New Internationalist blog – http://www.newint.org/blog/2012/06/13/mining-corruption-mugging-carnival...

On 11 June, Global Witness released a report claiming there is evidence to show that a close relationship between Israeli businessman Dan Gertler and Congolese President Joseph Kabila allowed Gertler to buy interests in Democratic Republic of Congo (DRC) mining assets at bargain rates.

The report states that between September 2009 and July 2011, mining group Eurasian Natural Resources Corporation (ENRC) acquired over $2 billion of copper and cobalt mines in the DRC. The deals have seen ENRC make large payments to offshore and secretive shell companies associated with Mr Gertler. These offshore companies secretly snapped up prize mining assets at vastly undervalued prices and quickly sold them on to ENRC. One mine was sold on to ENRC at five times the original price.

This kind of insider dealing and corruption at government level is business as usual for mining corporations, a well-worn strategy in an industry where the main movers have long become detached from the consequences of their actions. In this case, a few individuals reap huge sums of cash that never feed back to the people of the country.

‘The nature of these deals raises serious questions about whether corrupt Congolese officials could be benefitting from Congo’s considerable mineral wealth at the expense of the Congolese people,’ said Daniel Balint-Kurti, Campaign Leader for the Democratic Republic of Congo at Global Witness. ‘The Congolese state has foregone billions of dollars in revenues by secretly selling off its assets on the cheap to offshore companies. With so much at stake in one of the poorest countries on the planet, ENRC must do the right thing and shed full light on its dealings.’

But where is any genuine pressure for governments to ‘do the right thing’? It seems if there are huge sums to be made the law is suddenly something to be left flapping ineffectually in the wind. Where is the legislation that corporations and businessmen like Gertler can be brought to justice and punished for such crimes? Where is the same kind of protection for the people of the DRC or the Philippines, Peru or West Papua that is enjoyed by any Western tourist who may be mugged while on some exotic holiday?

Because, make no mistake, these practices are mugging on an international scale. The corporations are hardly thugs in the night with knives, instead, they are well suited, live in Hampstead or Belgravia and have dinner with world leaders. But, the impact they have on the world, in terms of the environment and human rights makes this the greatest mugging spree in history, the kind that is going to leave this planet a wasteland and our species hanging on by a thread.

For the first time, UK activists have brought together a coalition of majority world and minority world groups standing together against the inequities of the mining and extraction corporations. From tar sands, Climate Camp and Occupy activists, to Congolese, Somalian, West Papuan, Latin American, Filipino and Nigerian activists, the Carnival of Dirt seeks to shine a spotlight on this most abhorrent and flagrantly destructive of industries.

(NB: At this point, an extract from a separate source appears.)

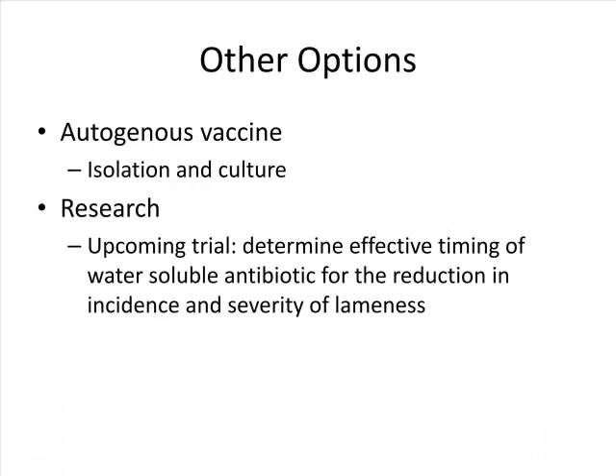Other options include an autogenous vaccine, though with mycoplasma it's difficult to get good isolation and culture, which presents challenges. We also have an upcoming research project using our lot-specific medicators, working with a pharmaceutical company to try a different product and determine the best timing for a water-soluble antibiotic to reduce the incidence and severity of lameness. We just don't understand this organism well enough at this point, and hopefully we'll have something better to report next year.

For their first action, they are seeking to highlight one of the most strikingly common aspects of this trade, the regular murder or disappearing of majority world activists who have dared to challenge the activities on mining corporations in their country. Seeing London as the centre of this global industry, they have chosen to hold a funeral procession starting outside the London Stock Exchange from 11am on 15 June.

The rest of the day will see a picnic where people share the food from their countries as a roster of speakers give accounts of their experiences followed by a Reclaim the Streets-style party in the evening, to celebrate the coming together of these voices and the fact that a better world is possible for all once we work together to demand it.